Ellie and Riley aren’t in it to just “endure and survive”; they’re just
two young ladies goofing off and having a good time.
It’s true that they
don’t spend the whole trip just playing around with junk and riding each other,
and there is some drama over Riley’s departure (as you’d expect), but they come
together a lot better than Ellie and Joel because there’s actual synergy
between them. They’re not standing on
opposite ends of a canyon; they’re engaging with one another, because they’re
allowed to have an emotional range and respond to one another.
They’re allowed to be
happy, and sad, and afraid, and angry, and concerned for one another, and
attached to one another -- and from start
to finish -- because they’re on equal ground. Because they’re willing to LIVE, not just
survive. They’re closer to each other
than Ellie and Joel will ever be. No
matter what TLoU or its inevitable
sequels try to tell us, I don’t buy into the relationship the entire game is
built upon. But I buy into this
one.
I’ve never been a
fourteen-year-old girl -- as far as I know -- but what’s in Left Behind should suffice.

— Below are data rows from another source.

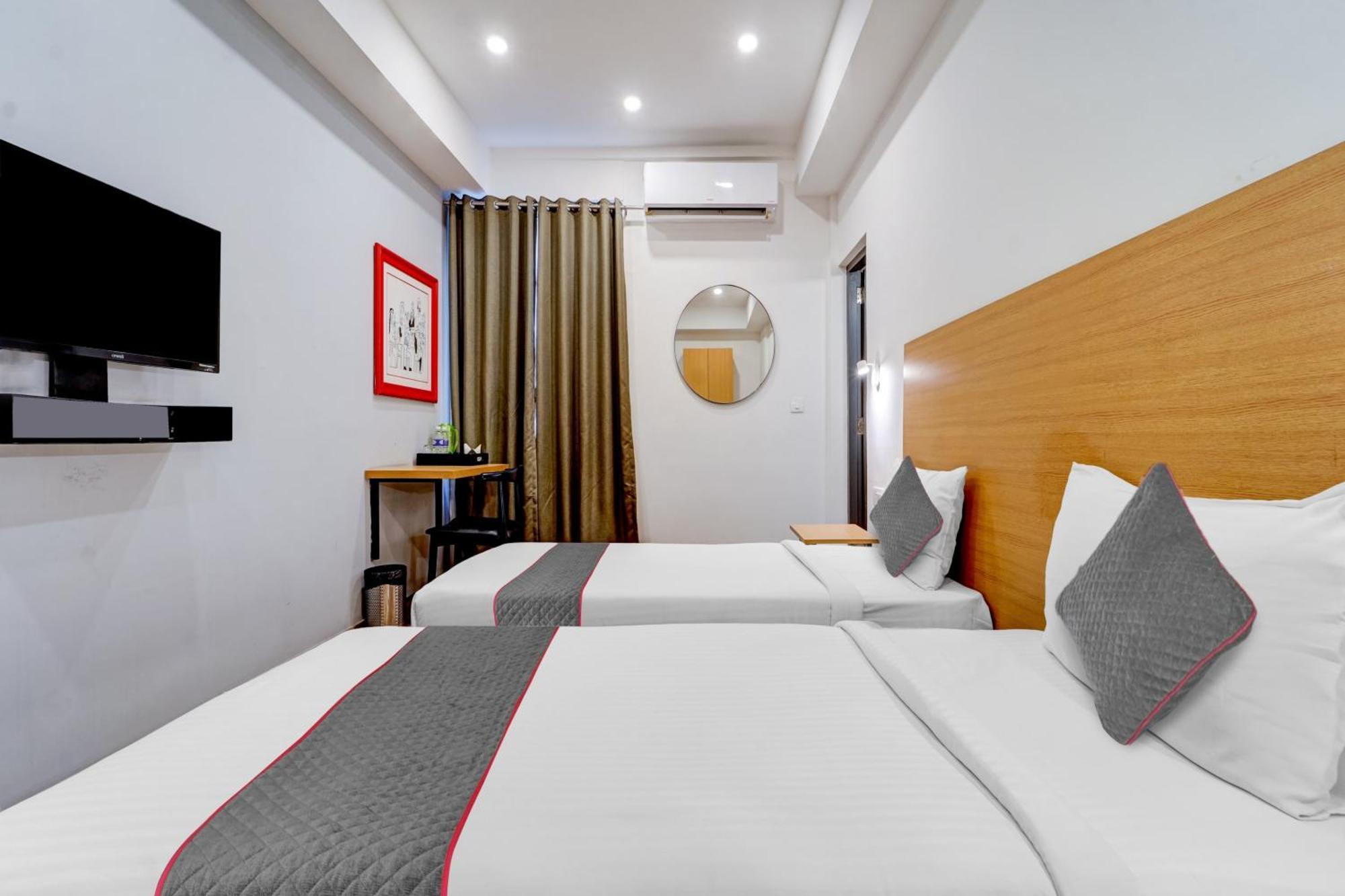Super Townhouse Four Season Hotel Coimbatore Exterior photo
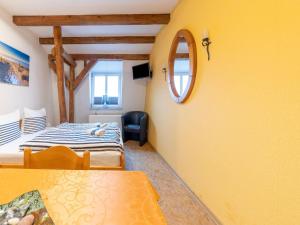 een kleine kamer met een bed en een spiegel bij Budget Apartment in Grundshagen with garden seating in Klütz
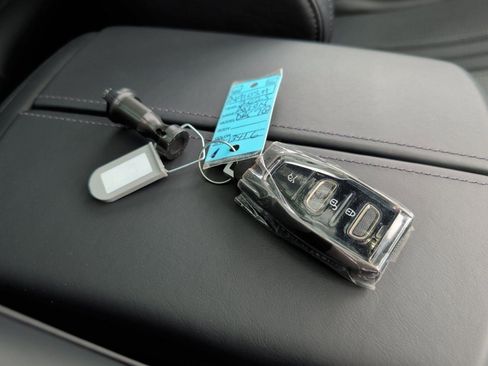Used 2025 Aston Martin DBX 707 AWD/4WD image 42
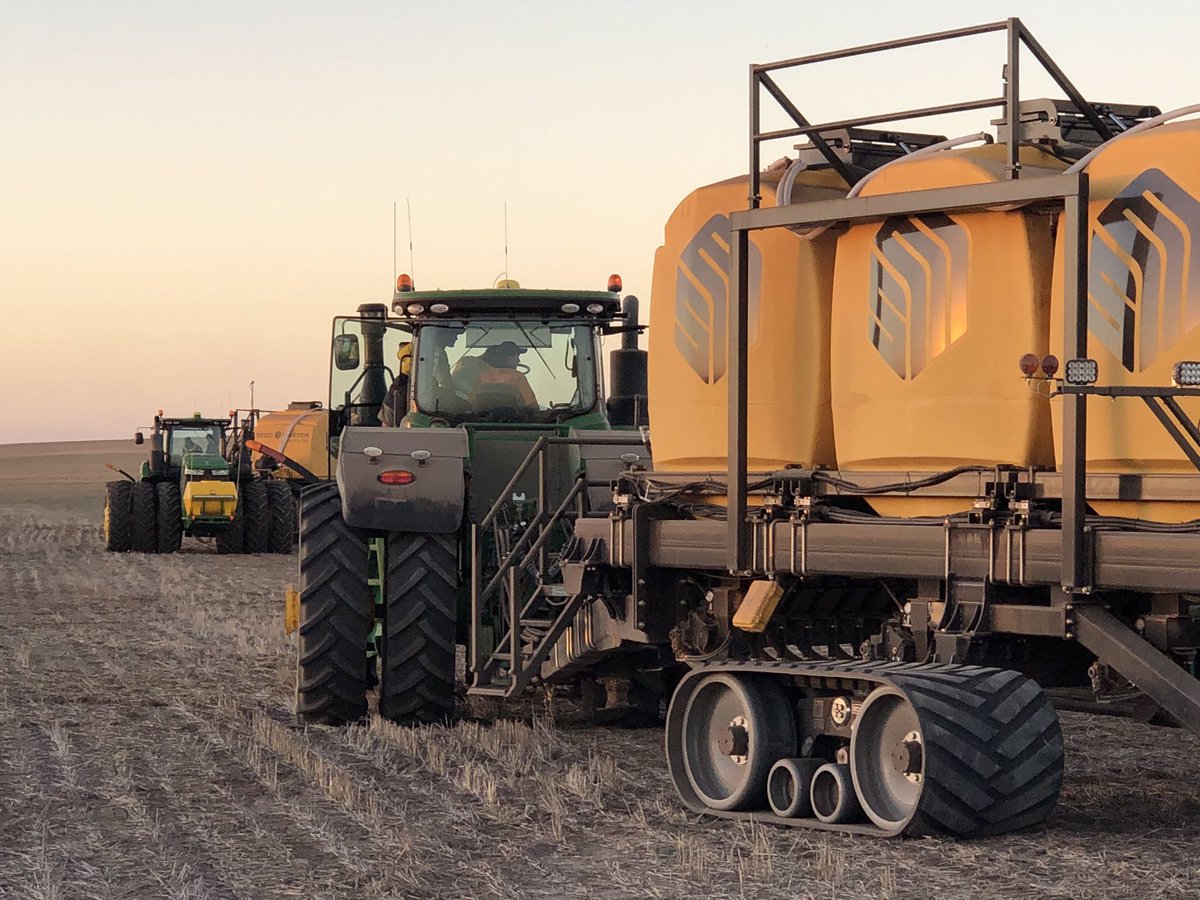 Doctor_650's tweet image. Young fellas consuming this new technology like its breakfast....me, I just take pictures. #seedmaster #JohnDeere #sharedcoverage #canola #plant19 #seeding19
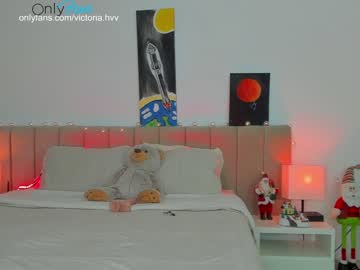 girl
        amelie_bunny_real cam image #192282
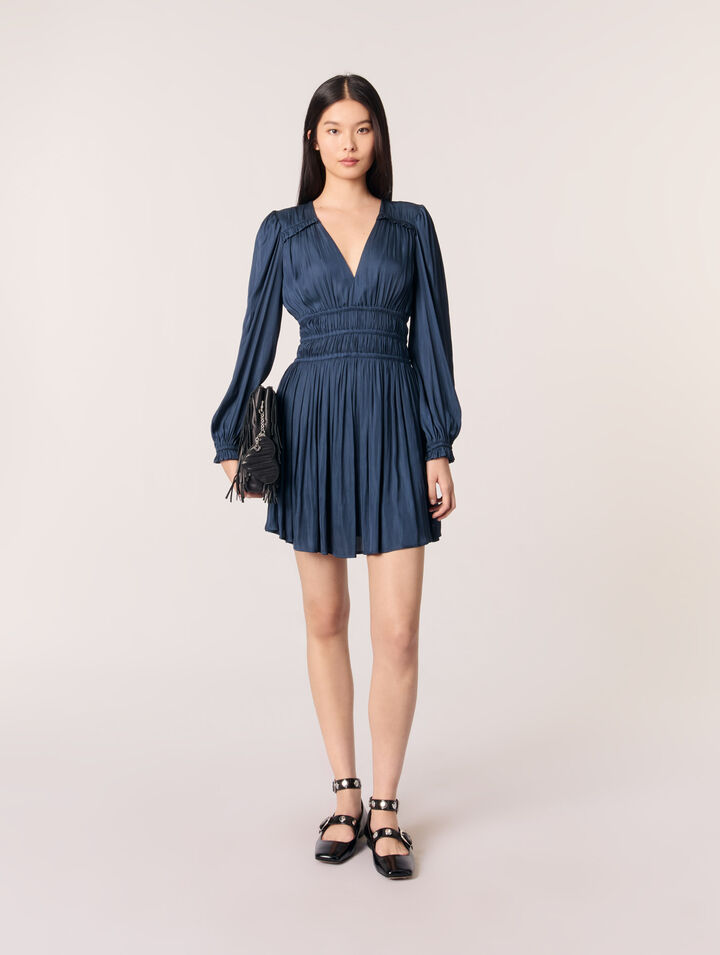 Robe courte satinée à volants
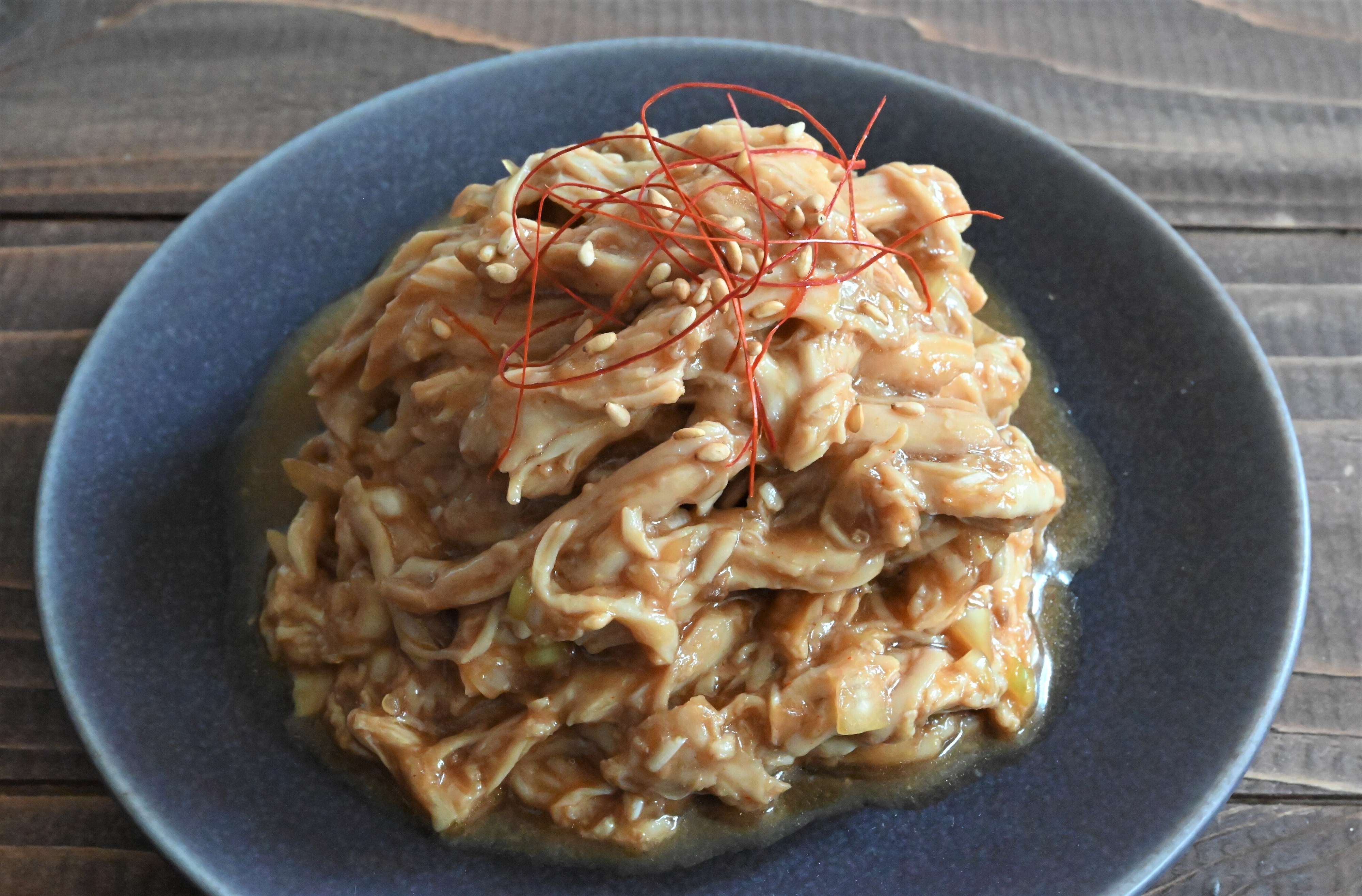 むね肉が暑い日にぴったりの絶品おかずに！常備菜にもおすすめ！「むね肉のネギ味噌和え」レシピ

Oh yeah, Ellie and Riley kiss in this. Caught me by surprise...and I suspect this is going to spark a looooooooooooooooot of image searches.
Don’t think that I’m
giving Left Behind a pass,
though. Like I said, I wouldn’t
recommend a purchase, because -- like the core game -- there’s not enough game
in this game. The interactions between
Ellie and Riley are much more interesting, but the tradeoff is that it all
comes off as something you’re better off watching instead of playing. There’s interactivity, but in the grand
scheme of things it doesn’t make for compelling gameplay; that is, it slips
even further toward being a movie instead of a game. The Riley sections are more or less just
interactive cutscenes where you walk from one area to the next, and some bells
and whistles will go whizz-bang before your eyes to dupe you into thinking
you’ve done something special…unless of course the game just switches to a
pre-baked, non-interactive cutscene.
Then again, the
alternative is to play through the game in the Joel bits. And it’s exactly as you remember it; bump
around cluttered areas looking for items.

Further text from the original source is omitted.